Do Not Fail to Care
The New Year may greet many employers with falling prices for workers’ compensation insurance.
But getting lulled into risk-management complacency by lower insurance policy pricing is a mistake, more now than ever due to the increased complexity of workers’ compensation claims.
The troubling factors we have all heard about during recent years — an aging workforce, obesity, and pharmaceutical trends — are driving more complex claims that are costly and harder to manage.
That is part of the reason you see private equity’s continued purchase of workers’ compensation service providers. Investors are betting more complex claims will drive steady demand for a range of claims services.
Meanwhile, signs point to downward pressure on insurance policy pricing, at least in many jurisdictions.
During 2014, many states announced workers’ compensation rate decreases. Those falling rates will eventually exert downward pressure on the actual price employers pay during insurance policy renewals.

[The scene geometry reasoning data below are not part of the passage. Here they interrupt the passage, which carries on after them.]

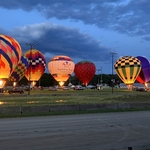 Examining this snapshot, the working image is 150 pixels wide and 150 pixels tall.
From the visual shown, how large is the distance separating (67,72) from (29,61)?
36.1 ft

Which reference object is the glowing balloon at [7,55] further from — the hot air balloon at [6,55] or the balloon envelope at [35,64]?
the balloon envelope at [35,64]

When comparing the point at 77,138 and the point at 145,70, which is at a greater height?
the point at 145,70

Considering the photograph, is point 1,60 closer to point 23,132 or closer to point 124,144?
point 23,132

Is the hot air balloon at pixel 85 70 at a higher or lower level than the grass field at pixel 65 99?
higher

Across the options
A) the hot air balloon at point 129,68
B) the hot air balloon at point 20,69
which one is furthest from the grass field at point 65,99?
the hot air balloon at point 129,68

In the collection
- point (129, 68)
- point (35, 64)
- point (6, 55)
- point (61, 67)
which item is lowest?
point (129, 68)

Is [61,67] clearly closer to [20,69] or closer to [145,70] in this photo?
[20,69]

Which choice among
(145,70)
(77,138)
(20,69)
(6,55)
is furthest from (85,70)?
(77,138)

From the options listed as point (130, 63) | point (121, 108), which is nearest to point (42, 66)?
point (130, 63)

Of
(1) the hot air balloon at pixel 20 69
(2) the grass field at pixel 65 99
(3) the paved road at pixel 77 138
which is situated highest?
(1) the hot air balloon at pixel 20 69

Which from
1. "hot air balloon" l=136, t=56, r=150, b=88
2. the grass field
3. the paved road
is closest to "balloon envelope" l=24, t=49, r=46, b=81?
"hot air balloon" l=136, t=56, r=150, b=88

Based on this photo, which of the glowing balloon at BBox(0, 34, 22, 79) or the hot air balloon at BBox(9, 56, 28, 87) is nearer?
the glowing balloon at BBox(0, 34, 22, 79)

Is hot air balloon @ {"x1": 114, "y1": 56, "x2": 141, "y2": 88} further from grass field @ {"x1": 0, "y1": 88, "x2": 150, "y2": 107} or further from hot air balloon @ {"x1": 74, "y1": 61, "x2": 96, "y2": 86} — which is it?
grass field @ {"x1": 0, "y1": 88, "x2": 150, "y2": 107}

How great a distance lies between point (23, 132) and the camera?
1124cm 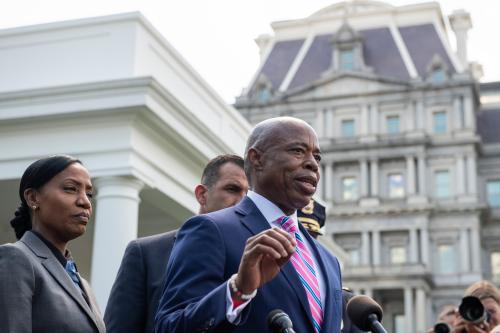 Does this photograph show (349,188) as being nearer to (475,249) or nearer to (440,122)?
(440,122)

In addition, a Willis Group Holdings 2015 insurance market forecast released in late October reports that workers’ compensation insurance capacity remains abundant. Some workers’ compensation underwriters are cutting back their offerings or raising their attachment points while others are aggressively growing their market share.
Willis predicts workers’ compensation insurance price adjustments will range between a 5 percent decrease and a 5 percent increase. An 8 percent increase is predicted for California, although California rate increases are at their lowest in years, according to Willis.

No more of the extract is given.